Pictures stay out of the copy, which must hold exactly the lines from the one containing "Inseln vor Epiros. Korkyra." through the end of the material below.

--

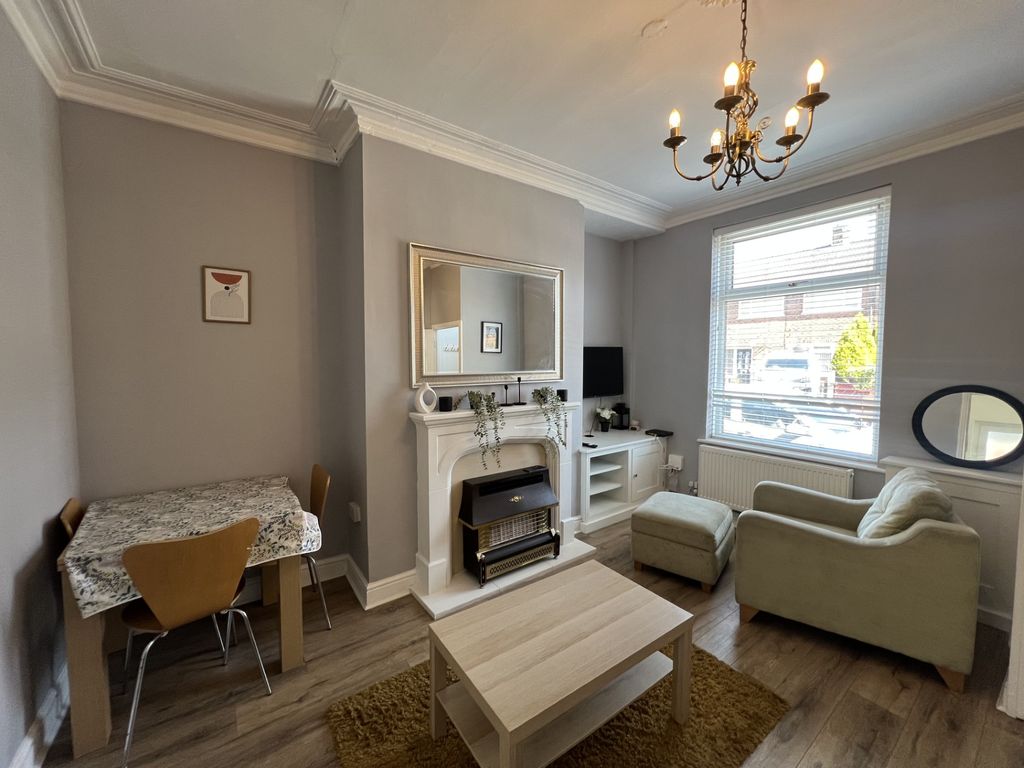 Property photo 3 of 9 Living Room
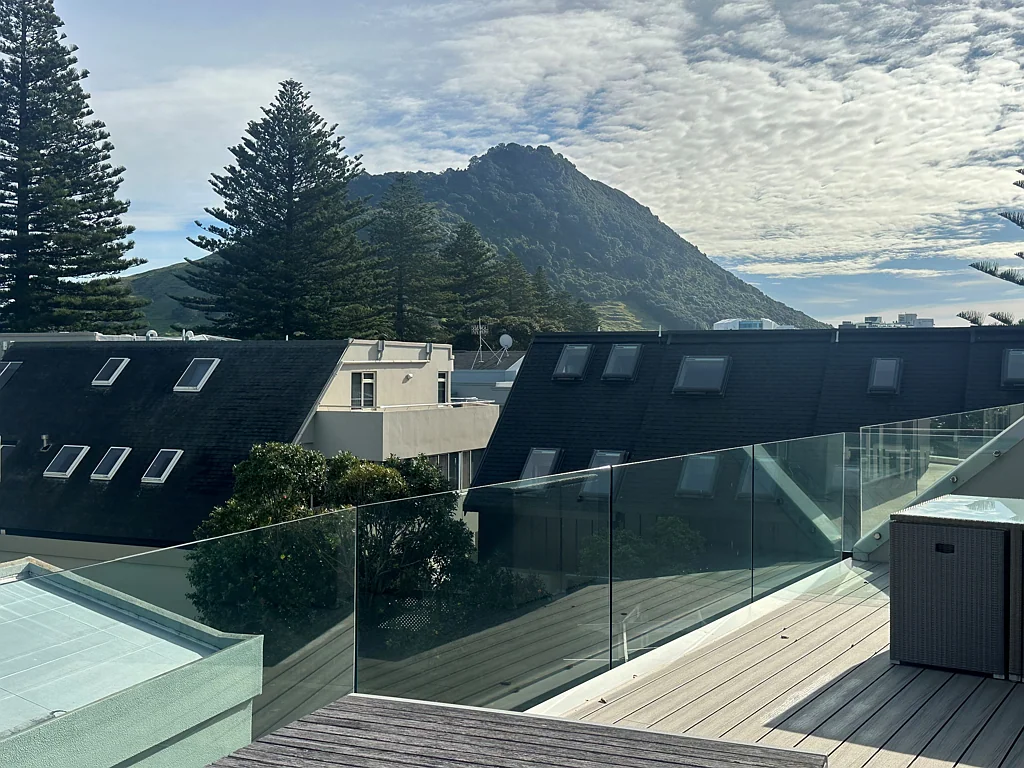 Mount Maunganui 3Phòng ngủ Three Levels. Four Decks. One Unique Location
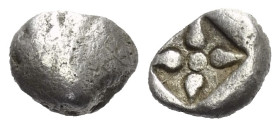 Inseln vor Epiros. Korkyra.

 Obol (Silber). Ca. 525 - 500 v. Chr.
Vs: Muschel.
Rs: Stern in Quadratum incusum.

8 mm. 1,00 g. 

HGC 6, 57.
 ...
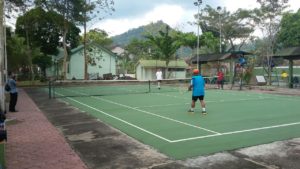 TNI-POLRI Trenggalek Latihan Tenis Lapangan Bersama.  1jpg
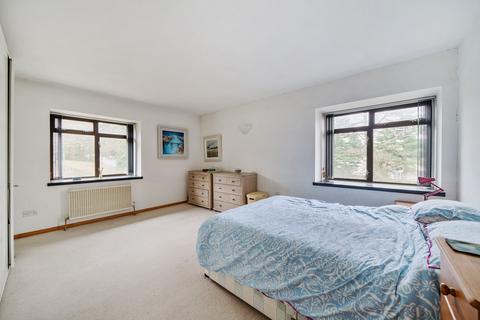 Ravenswood Park Road, Winchester, SO22 6AA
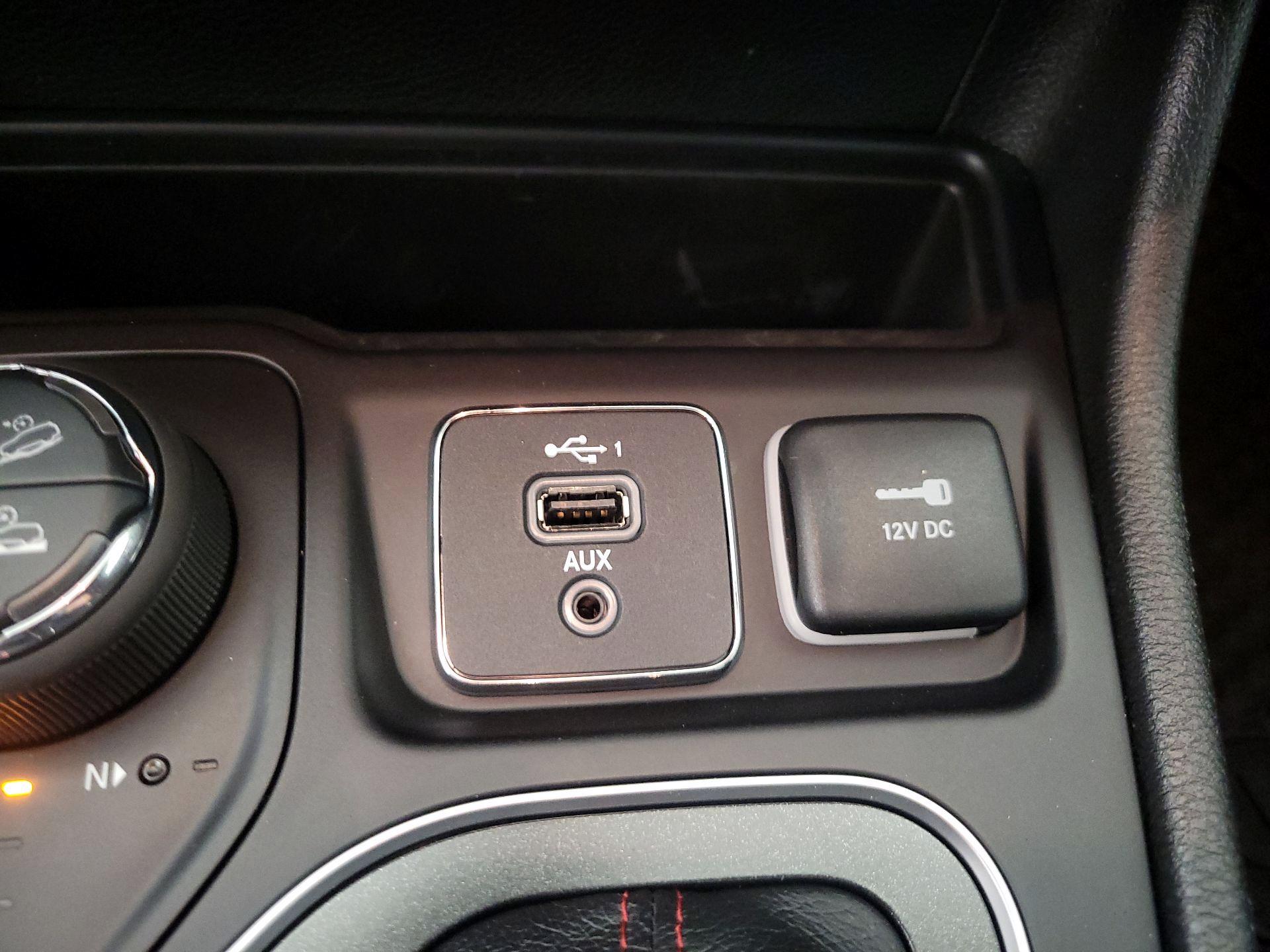 Thumbnail: 2021 Jeep Cherokee - 18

--

• **Written response**
 Inseln vor Epiros. Korkyra.

 Obol (Silber). Ca. 525 - 500 v. Chr.
Vs: Muschel.
Rs: Stern in Quadratum incusum.

8 mm. 1,00 g. 

HGC 6, 57.
 ...
 TNI-POLRI Trenggalek Latihan Tenis Lapangan Bersama.  1jpg
 Ravenswood Park Road, Winchester, SO22 6AA
 Thumbnail: 2021 Jeep Cherokee - 18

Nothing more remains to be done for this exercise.